Summary
Since this turned into a huge answer, here's the bottom line up front: your starting point by taking $\Omega=\frac{N!}{n_1! n_2! \cdots n_k!}$ was already an approximation to the true number of states. To get the exact $\Omega$, you should sum over possible configurations of occupation numbers, $\Omega = \sum_{n_1, n_2, \cdots, n_k}\frac{N!}{n_1! n_2!\cdots n_k!}$. In the limit of large $N$, that sum becomes dominated by the configuration with all $n_i=1/k$, in which case it becomes a good approximation to take just the log of the one term that you did, apply Stirling's formula, and use the formula $n_i/N = p_i$.
Setup
This answer is going to start off saying a bunch of things that you already know; it's not because I don't think you know them, but so that I can phrase them in my language, because I think the issue is a little subtle, so I want to lay out my perspective carefully. I am going to use units where $k_B=1$
I haven't watched the lecture but here is what I am assuming you are describing. You have $N$ distinguishable particles, and there are $k$ states, each of which has the same energy (so you can say we are working in the microcanonical ensemble where the energy of the system is fixed). Then we need to count how many ways we can distribute the $N$ particles among $k$ states. Given the the occupation numbers $\{n_1, n_2, \cdots, n_k\}$ (meaning, $n_i$ particles in state $i$, with $1\leq i \leq k$), we can come the number of ways $\Omega$ to arrange the particles consistent with those occupation numbers. That will lead to the result you wrote down
$$
\Omega = \frac{N!}{\prod_{i=1}^k n_i!}
$$
As others have said, there are multiple definitions of entropy, which can make things complicated. I am pretty opinionated (possibly overly so) and my point of view is that the best way to understand entropy is through the Shannon (or Gibbs) entropy.

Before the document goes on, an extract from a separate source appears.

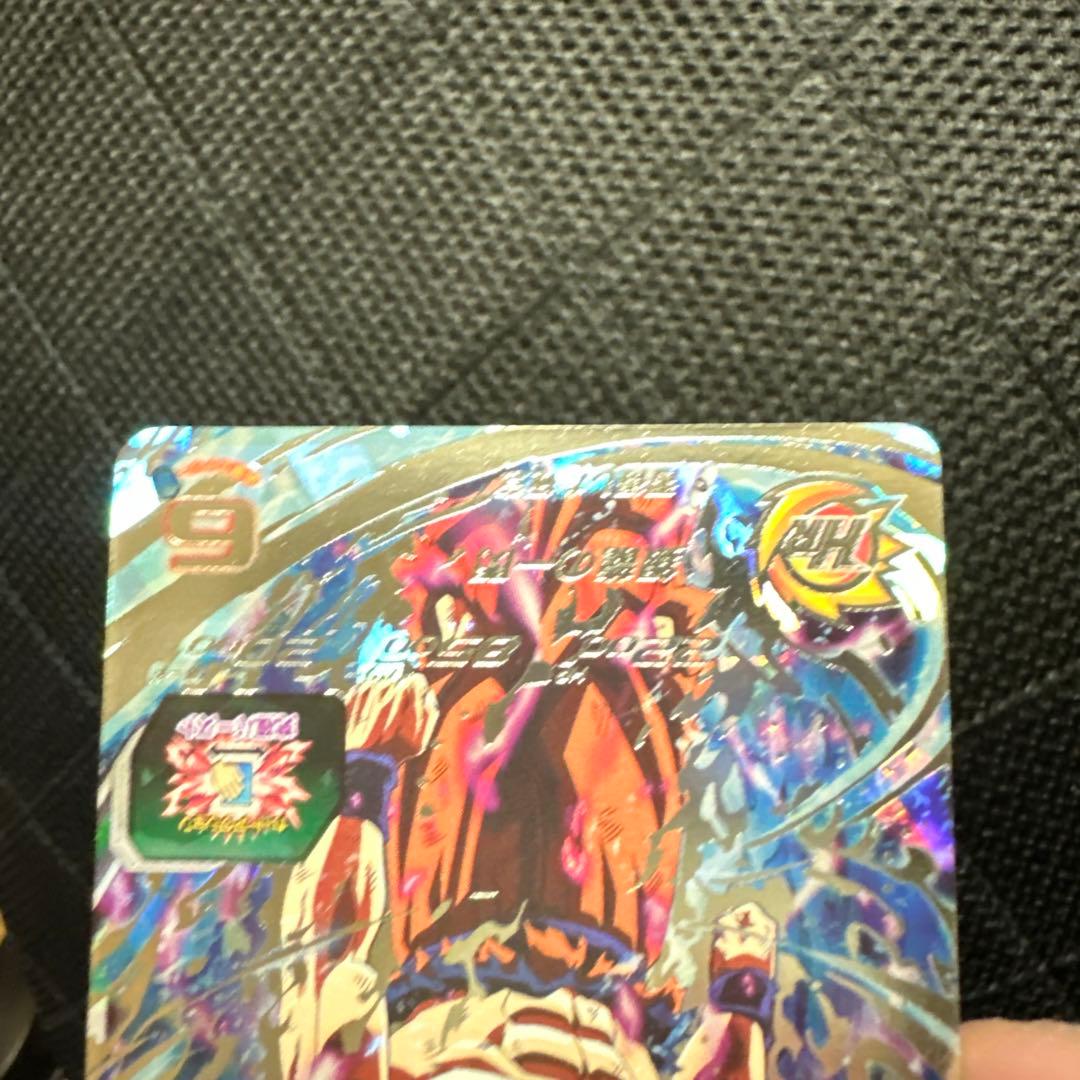 ドラゴンボールヒーローズ　UM1-SEC LC孫悟空セット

This says, given a discrete set of $k$ states labeled by $i$, and a probability distribution over those states $p_i$, then the entropy is
$$
S = - \sum_{i=1}^k p_i \log p_i
$$
(As an aside, defining entropy for a continuous set of states is complicated). The normal "Boltzmann entropy" $S = \log \Omega$ is a special case that applies in the situation where each state has uniform probability. Then $p_i=1/k$, and
$$
S = - \sum_i \frac{1}{k} \log \frac{1}{k} = \log k
$$
where in this case $k$ is the number of microstates.
Exact calculation of entropy
Now we start to make our way back to your problem, but I'm going to approach it a different way, first. We will build to an exact calculation of the entropy in steps.
First, note that a set of occupation numbers $\{n_1, n_2, \cdots, n_k\}$, with $n_1+n_2+\cdots+n_k=N$, can be thought of as a random draw from a probability distribution over $k$ states. In other words, we can assign probabilities $\{p_1, p_2, \cdots, p_k\}$ (with $\sum_k p_k = 1$) to the $k$ states. Then if we randomly assign $N$ particles to the $k$ states, we will get a histogram $\{n_1, n_2, \cdots, n_k\}$. It is not the case in general that $n_i/N=p_i$. For example, if $k=2$, then you can imagine you assigned each particle to one of the two states by flipping a coin. If $N=100$, you don't expect to get exactly 50 heads and 50 tails, you might get 54 heads and 46 tails for instance. But as $N$ gets larger then the ratio $n_i/N$ will approach $p_i$ by the law of large numbers. Where we are headed, intuitively, is that when you used Stirling's approximation you implicitly used the law of large numbers in this sense.
Second, in thermodynamics we are interested in the probability distribution that maximizes the entropy. Here I'm going to introduce the special case $k=2$, so that we can do a few analytical calculations easily.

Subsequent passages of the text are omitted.